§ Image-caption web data

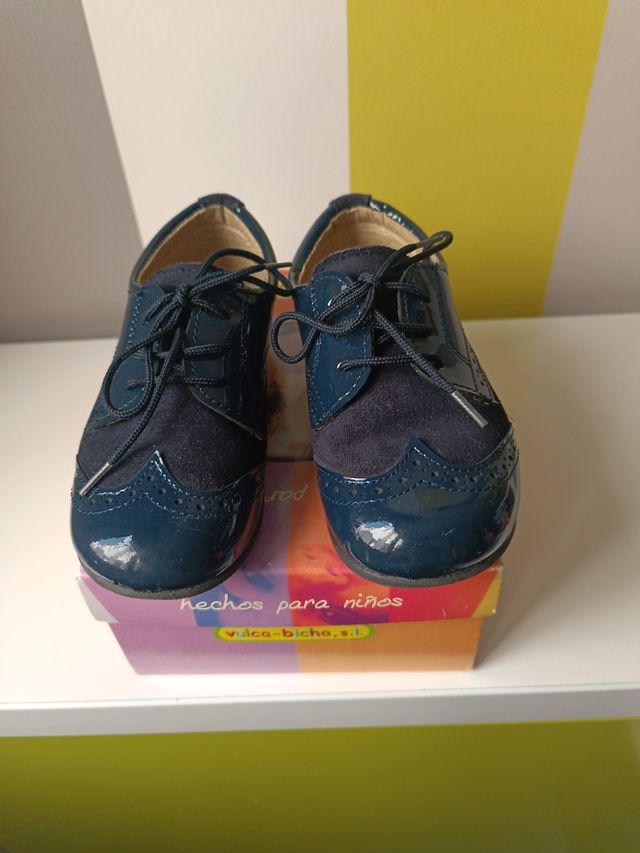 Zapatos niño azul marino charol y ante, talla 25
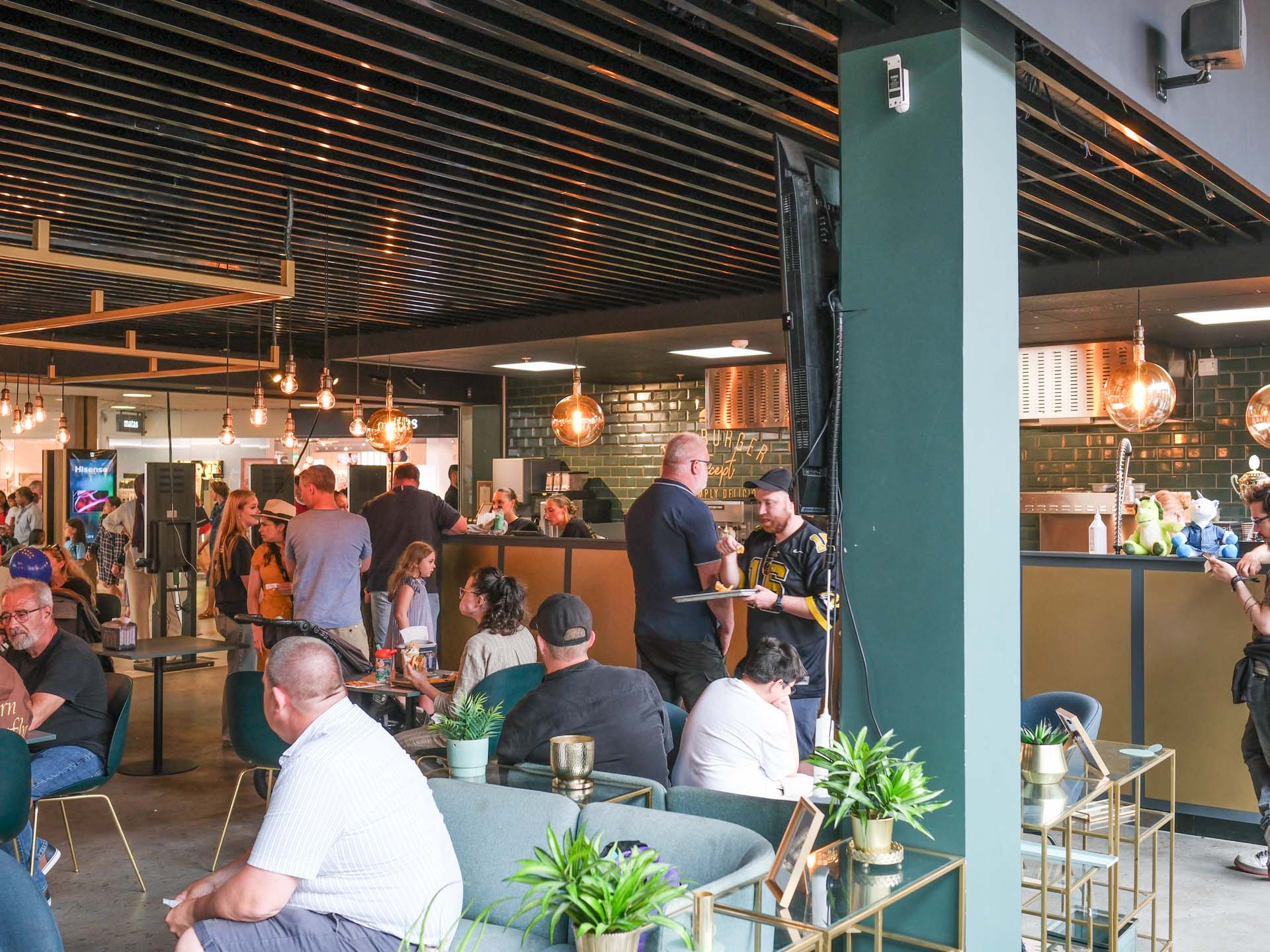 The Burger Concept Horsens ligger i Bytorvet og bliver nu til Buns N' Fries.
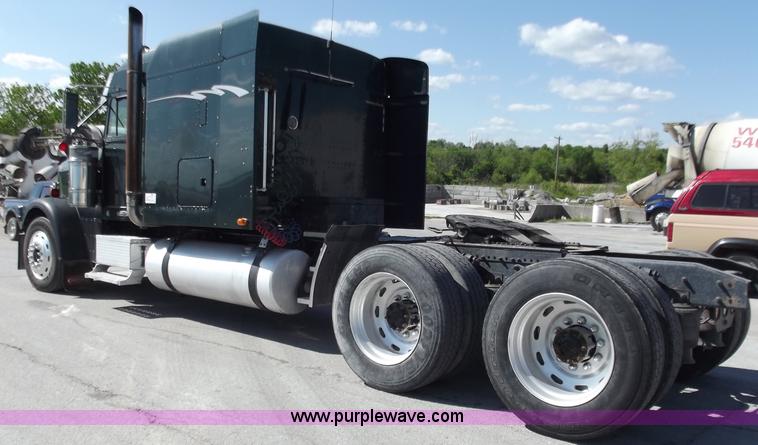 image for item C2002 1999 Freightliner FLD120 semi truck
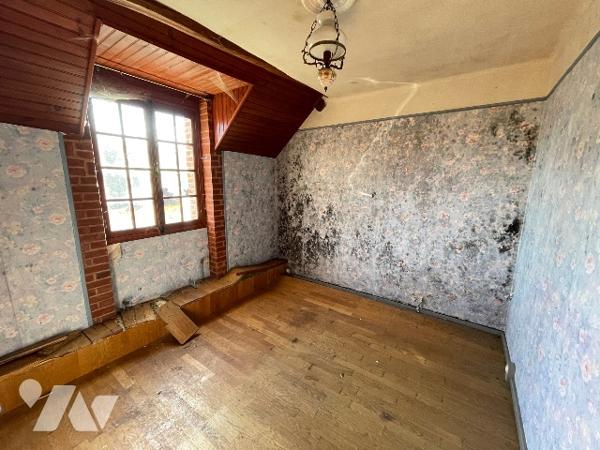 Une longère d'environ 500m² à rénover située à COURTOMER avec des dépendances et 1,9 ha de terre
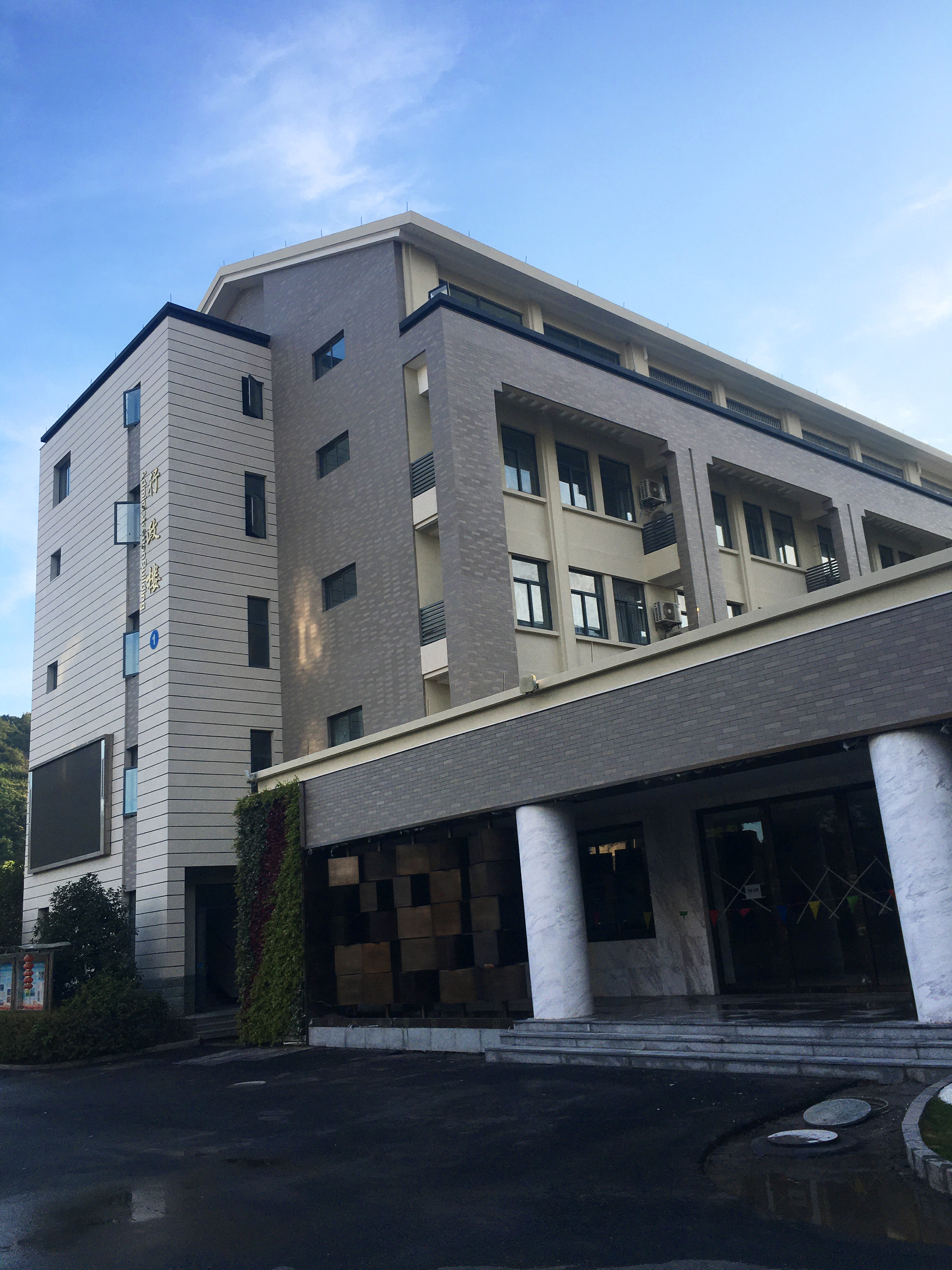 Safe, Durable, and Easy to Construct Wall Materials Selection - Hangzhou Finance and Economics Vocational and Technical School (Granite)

§ Task goal
Any pictures above are to be left out. Retype the rest of the records exactly.

§ Answer section
 Zapatos niño azul marino charol y ante, talla 25
 The Burger Concept Horsens ligger i Bytorvet og bliver nu til Buns N' Fries.
 image for item C2002 1999 Freightliner FLD120 semi truck
 Une longère d'environ 500m² à rénover située à COURTOMER avec des dépendances et 1,9 ha de terre
 Safe, Durable, and Easy to Construct Wall Materials Selection - Hangzhou Finance and Economics Vocational and Technical School (Granite)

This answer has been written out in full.